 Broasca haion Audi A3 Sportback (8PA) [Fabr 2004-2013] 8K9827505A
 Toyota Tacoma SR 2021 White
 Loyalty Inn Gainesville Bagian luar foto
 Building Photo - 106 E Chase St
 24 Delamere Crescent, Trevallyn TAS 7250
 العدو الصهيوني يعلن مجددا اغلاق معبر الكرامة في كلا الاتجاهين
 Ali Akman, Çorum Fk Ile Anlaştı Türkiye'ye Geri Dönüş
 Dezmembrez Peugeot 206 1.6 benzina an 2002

━━━

[Work instructions]
Every record in the material above should be set down exactly.

[Reply to the task]
 Broasca haion Audi A3 Sportback (8PA) [Fabr 2004-2013] 8K9827505A
 Toyota Tacoma SR 2021 White
 Loyalty Inn Gainesville Bagian luar foto
 Building Photo - 106 E Chase St
 24 Delamere Crescent, Trevallyn TAS 7250
 العدو الصهيوني يعلن مجددا اغلاق معبر الكرامة في كلا الاتجاهين
 Ali Akman, Çorum Fk Ile Anlaştı Türkiye'ye Geri Dönüş
 Dezmembrez Peugeot 206 1.6 benzina an 2002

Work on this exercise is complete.